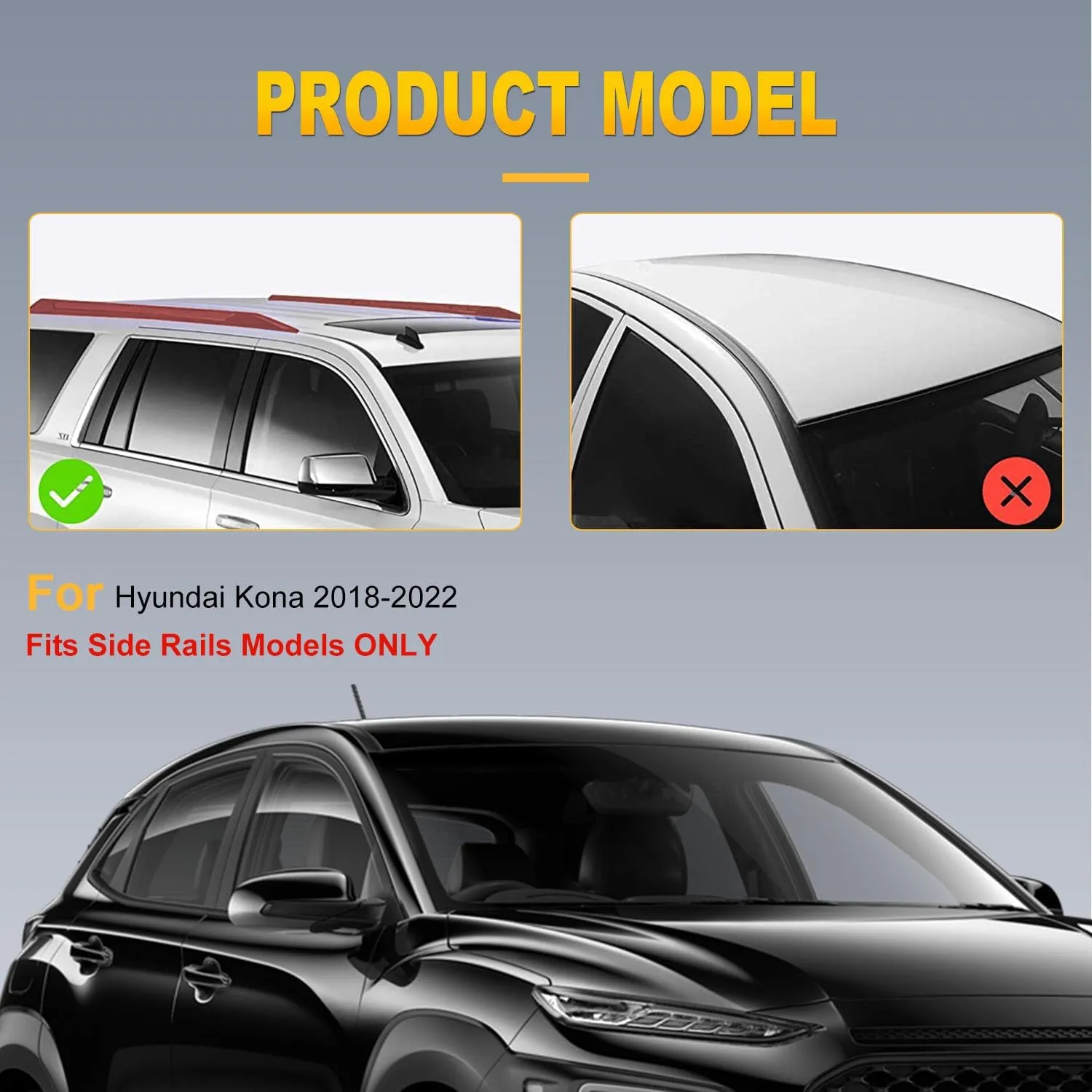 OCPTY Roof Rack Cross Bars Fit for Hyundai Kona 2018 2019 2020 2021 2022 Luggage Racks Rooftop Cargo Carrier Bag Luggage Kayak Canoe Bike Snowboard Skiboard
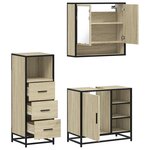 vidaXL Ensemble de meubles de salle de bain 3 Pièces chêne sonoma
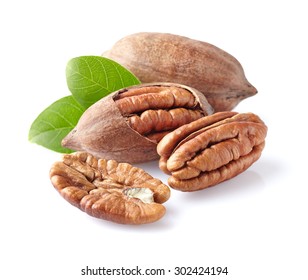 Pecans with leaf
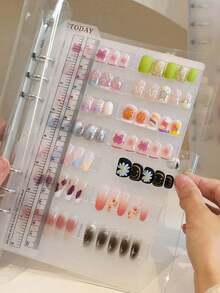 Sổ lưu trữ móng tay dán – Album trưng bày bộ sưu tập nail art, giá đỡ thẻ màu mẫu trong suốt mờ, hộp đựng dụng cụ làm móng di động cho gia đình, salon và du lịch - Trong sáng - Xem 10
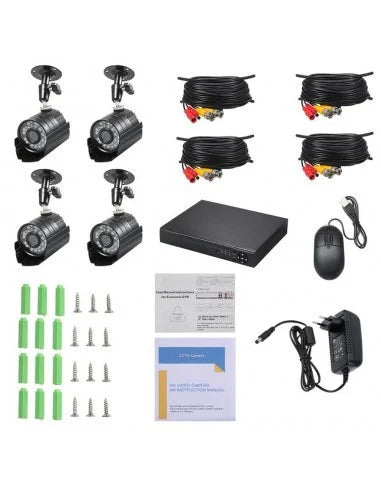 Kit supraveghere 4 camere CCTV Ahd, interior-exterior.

» **Work order**: Copy exactly, and copy only, the lines from the one bearing "Pecans with leaf" through the closing line of the material, with both ends kept and pictures removed.

» **Exercise response**:
 Pecans with leaf
 Sổ lưu trữ móng tay dán – Album trưng bày bộ sưu tập nail art, giá đỡ thẻ màu mẫu trong suốt mờ, hộp đựng dụng cụ làm móng di động cho gia đình, salon và du lịch - Trong sáng - Xem 10
 Kit supraveghere 4 camere CCTV Ahd, interior-exterior.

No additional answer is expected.